By Richard Harrington
Washington Post Staff Writer
Friday, June 1, 2007

Concert promoters, venues and artists are increasingly going green, teaming up to reduce or eliminate the environmental impact of their industry and raising awareness about green products, technologies and issues by utilizing the strong connection between artists and their fan bases.

The basic message: Reduce, reuse, recycle.

For the multibillion-dollar concert business, that means:

· Staging carbon-neutral concerts using green energy sources whenever possible or purchasing carbon offsets for energy used, such as planting trees to help with future carbon reduction.

· Relying on clean-burning, domestically made biodiesel fuel to power tour buses and trucks and even stage generators.

· Providing on-site recycling.

· Offering biodegradable food services and reusable or recyclable cups, plates and utensils.

In the next few weeks, Save Our Selves -- the Campaign for a Climate Crisis, the organization staging the 24-hour Live Earth global event July 7, will introduce the Green Event Standard, which will be usable industry-wide, from small venues to larger arenas and stadiums. Live Earth, whose broadcast could reach more than 2 billion people worldwide, will implement many green practices, including sourcing all electricity from renewable sources (utility-supplied renewable energy, biodiesel generators, renewable energy credits), issuing carbon credits for air travel by staff and artists, and reducing waste from concessions. The final leg from Giants Stadium in New Jersey will be the country's first "green" stadium event.

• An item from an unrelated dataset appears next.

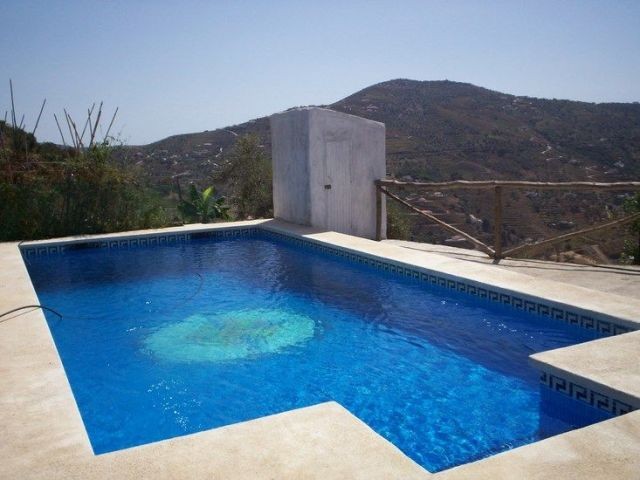 Country Houses for Sale in Competa..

When the Live Earth concerts were announced in April by former vice president Al Gore, he said: "This will be the largest musical event in history and the beginning of the biggest change we've ever had to make. But we have to really make a commitment to this change, and that's what Live Earth is designed to kick off."

About the same time, Wolf Trap National Park for the Performing Arts, by far the area's busiest summer venue, announced "a complete assessment of [its] environmental footprint," with plans to minimize the park's impact, "eventually positioning Wolf Trap as an environmental model and resource for arts presenters across the country."

For guidance, Wolf Trap need look no further than its July 31 headliner, Guster. Adam Gardner, guitarist for the indie-rock band, and his wife, Lauren Sullivan, who has a degree in environmental education, founded Reverb in 2004. The Portland, Maine-based nonprofit group advises bands and venues on environmentally friendly options. Among the tours Reverb is "greening" this summer are those of John Mayer, the Fray, Tim McGraw & Faith Hill and the Dave Matthews Band.

Greening can involve large festivals as well. The upcoming Bonnaroo Music and Arts Festival, June 14-17 in Manchester, Tenn., will recycle 250 tons of festival garbage into construction material and park benches to be used at future events. The recent Coachella festival featured split trash cans -- recyclables in one part, trash in the other -- allowing organizers to collect 90 percent of the recyclable material. At England's upcoming Glastonbury Festival, each ticket holder will get a free, environmentally friendly roll of toilet paper; about 150,000 rolls will be handed out in a bid to encourage people not to bring their own.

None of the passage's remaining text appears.